The library contains four classes:
- SqlToDatasetBase: it contains the basic data structures to deal with data in the dataset
- SqlSyntaxChecker: it checks the syntax of the query (more details see below)
- SqlTranslator: this class translates the query and generates a
System.Data.DataTable
, which contains the selected datas - SqlQuery: this class runs the query and returns the above data table
The following SQL functions, operators, etc. are supported:
- SELECT Statement
- multiple JOINS (only INNER JOIN, LEFT JOIN and RIGHT JOIN), based only one condition, f.e. t1.f1 ON t2.f1 AND t1.f3 ON t2.f3 is at this time not supported
- multiple WHERE clauses (AND, OR, NOT)
- GROUP BY with multiple fields
- ORDER BY with multiple fields
- MIN, MAX, SUM, AVG, COUNT, FIRST, LAST functions
- >=, <=, =, <>, >, <, NOT IN, IN, NOT LIKE, LIKE operators
- Datatypes: System.Char, System.String, System.DateTime, System.Boolean, System.Byte, System.Decimal, System.Double, System.Int16, System.Int32, System.Int64, System.SByte, System.Single, System.UInt16, System.UInt32, System.UInt64
- special chars in the field names (such fields need to stand in [ ])

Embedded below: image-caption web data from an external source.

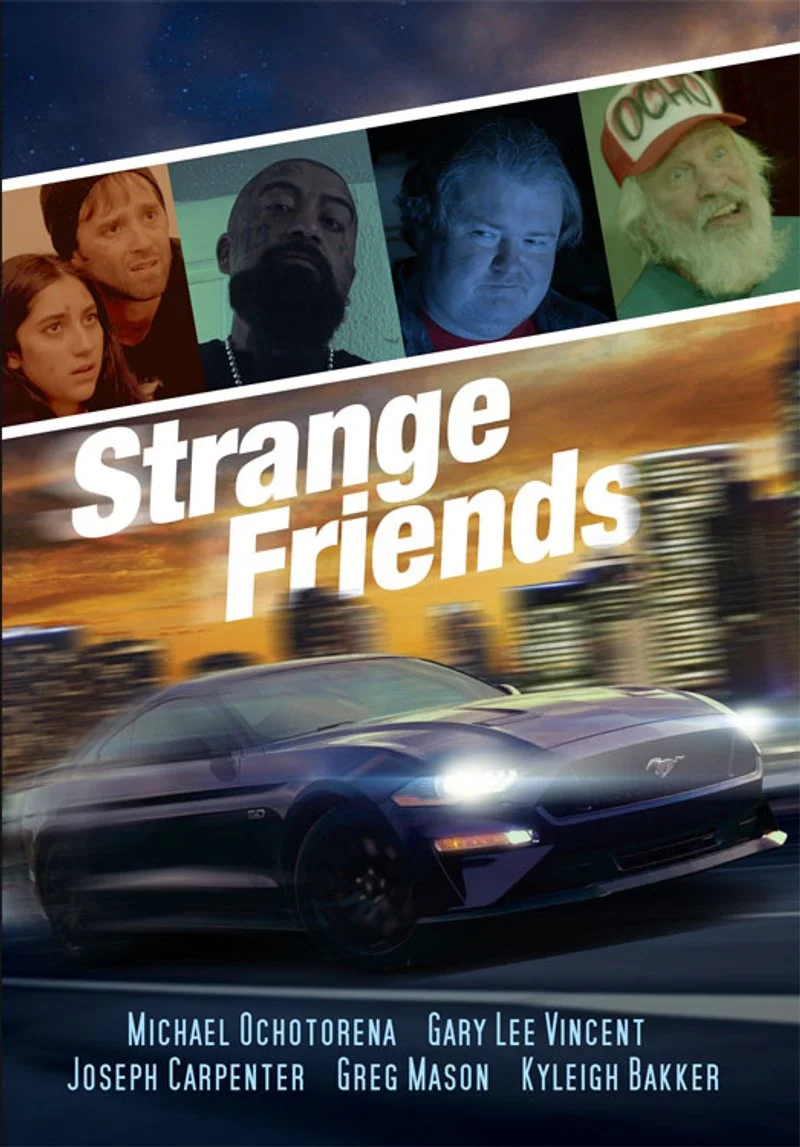 Poster van Strange Friends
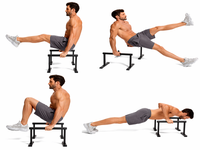 Thumbnail for Parallel Bar Dip Bars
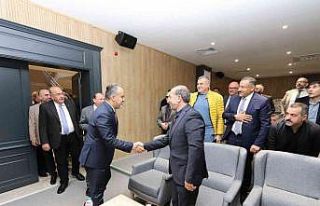 Başkan Aktaş’tan BTB’ye ziyaret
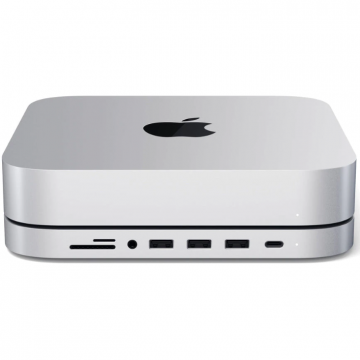Stand Suport Hub  Mac Mini  Argintiu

- special chars are: space, ',", !, %, \, =, ?, ;, :, #, &, @, {, } (of course, the list can be extended)
The following are not supported at this time:
- alias names are recognized during the syntax check, but they can't be referred in the other parts of the SQL query
- mathematic and other expressions are recognized during the syntax check, but not evaulated in the SqlTranslator class (f. e. SELECT 2*f1 FROM t1 returns only f1 and not 2*f1)
- "grouping" of WHERE conditions is at this time not supported (f. e. (a=1 AND b=2) OR (c=3 AND d=4))
- subqueries
- star in the SELECT statement (the field names to be selected must be listed explicitly)

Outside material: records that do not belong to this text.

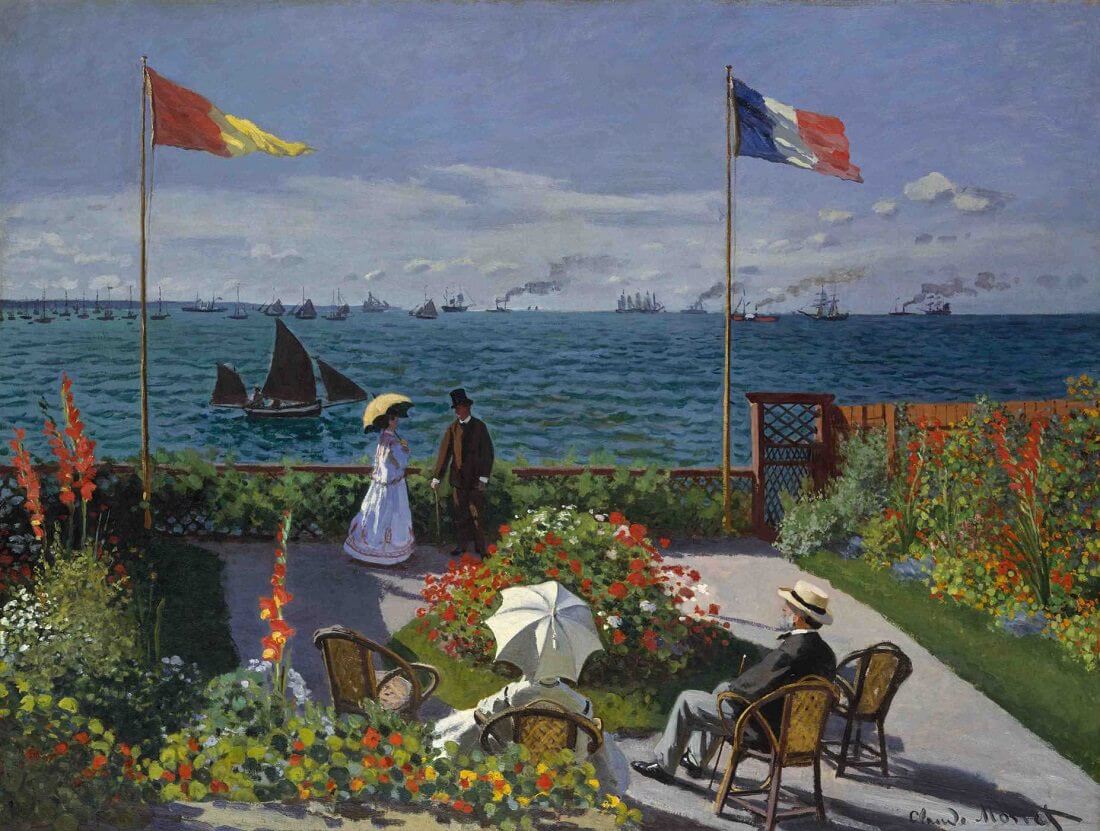 Garden At Sainte Adresse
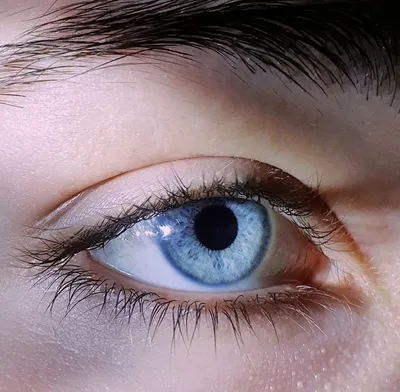 Красивые голубые глаза фото фото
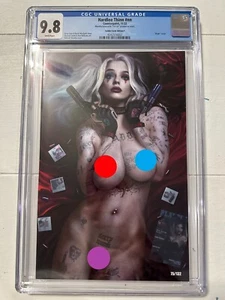 Hardlee Thinn Playtime: Shikarii -Cosplay Harley Quinn- #nn Virgin: CGC 9.8 - Picture 1 of 4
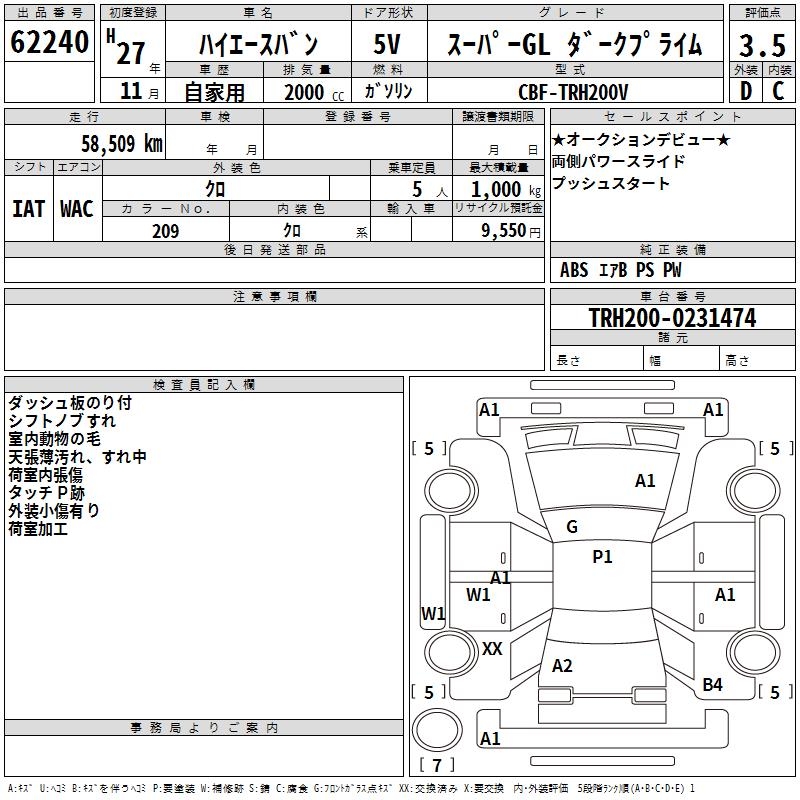 TOYOTA REGIUS ACE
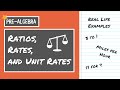 Exploring Ratios, Rates, and Unit Rates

But I'm intending to code this too.
Speed:
The speed of a query is composed of three parts (in millisecs):
- SyntaxCheckTime: elapsed time for the syntax checking
- TranslateTime: elapsed time for the translating of the query
- OutputTime: elapsed time for the output of the selected data in a datatable
Checking the syntax:
- general syntax checking of the SQL language
- universal checking of the fields in all the clauses (f. e. whether one field in GROUP BY is present in the selected datatables, etc.)
- field type checking (f . e. if f1 is a string field and it is used like this: WHERE f1>10)

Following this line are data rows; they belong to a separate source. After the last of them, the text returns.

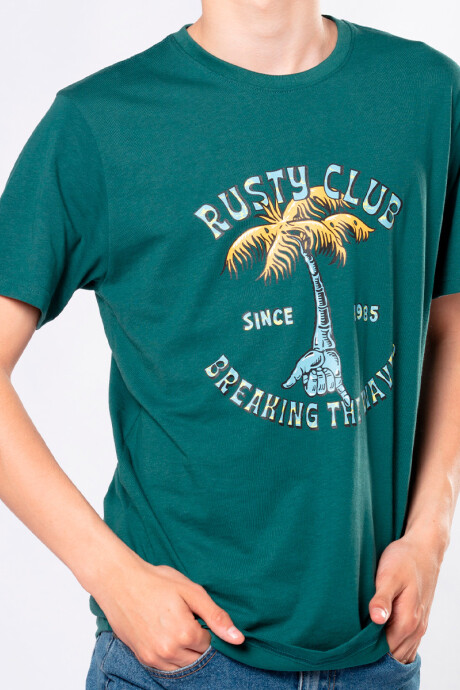 T-SHIRT SEIKOTEEN RUSTY Petroleo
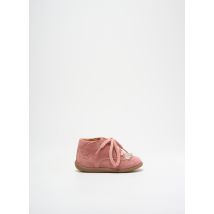 POM D'API - Bottillons rose en cuir - Fille - Taille 22 - Modz
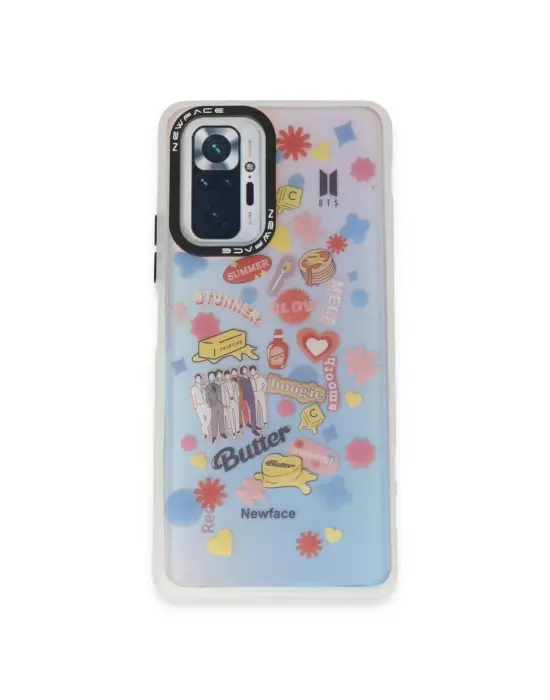 Xiaomi Redmi Note 10 Pro Kılıf Estoril Desenli Kapak - Estoril - 16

- ambiguous field checking
- and a lot more
Background
How it works? I load in the SqlToDatasetBase class the table structure of all the tables in a dataset. Then I load all the rows in a List(Of DataRow)
. Now I'm able to query this collection with a LINQ query. I parse the SQL query, store everything, what I need and then run a LINQ query against the collection. If there are WHERE, GROUP BY or ORDER BY clauses, I generate the appropriate LINQ query with expression trees (by the way, this was the hardest part).
After all of that I have a IEnumerable(Of Object())
, which I can iterate to add the rows to the output datatable.
Using the code
I added to this article a sample project to show, how to use the class library.
Basically, there are three steps:
- once we read the data in our datatables, an instance of the SqlToDatasetBase class must be declared:
Dim test_sqltodataset = New SqlToDataset.SqlToDatasetBase
- after that we need to add the datatables to this instance:
test_sqltodataset.Tables.Add(conn.Dataset.Tables(0))
test_sqltodataset.Tables.Add(conn.Dataset.Tables(1))
test_sqltodataset.Tables.Add(conn.Dataset.Tables(2))
test_sqltodataset.LoadData()
- then we pass the SQL query in text form to the SqlQuery class; if there are errors, they can be catched:
Dim sqlquery As New SqlToDataset.SqlQuery(querytext)
dgvOutput.DataSource = Nothing
Try
dgvOutput.DataSource = sqlquery.RunQuery(test_sqltodataset)
Catch ex As SqlToDataset.SqlSyntaxChecker.SqlSyntaxException
MessageBox.Show(ex.Message, "SqlToDataset", MessageBoxButtons.OK, MessageBoxIcon.Error)
Exit Sub
End Try
If needed, the speed times can be analysed.
The sample application can be used the following:
- you load the sample data from the database in the tree datatables (Load database)
- you create an instance of the
SqlToDataset
(Create SqlToDataset) - you choose a sample query (they are only for demonstrating purposes of the capabilities of the library) or you enter one
- then you start the query (Run SQL query)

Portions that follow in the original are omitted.